**Assignment:** What you return must be the complete listing, unchanged.

**Exercise material:**
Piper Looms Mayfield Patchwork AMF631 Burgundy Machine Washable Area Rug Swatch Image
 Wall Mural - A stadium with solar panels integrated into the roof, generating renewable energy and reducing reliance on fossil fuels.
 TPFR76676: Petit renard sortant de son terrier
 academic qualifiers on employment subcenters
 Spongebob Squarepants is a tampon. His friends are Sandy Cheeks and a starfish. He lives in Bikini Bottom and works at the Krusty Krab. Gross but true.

**Solution below:**
Piper Looms Mayfield Patchwork AMF631 Burgundy Machine Washable Area Rug Swatch Image
 Wall Mural - A stadium with solar panels integrated into the roof, generating renewable energy and reducing reliance on fossil fuels.
 TPFR76676: Petit renard sortant de son terrier
 academic qualifiers on employment subcenters
 Spongebob Squarepants is a tampon. His friends are Sandy Cheeks and a starfish. He lives in Bikini Bottom and works at the Krusty Krab. Gross but true.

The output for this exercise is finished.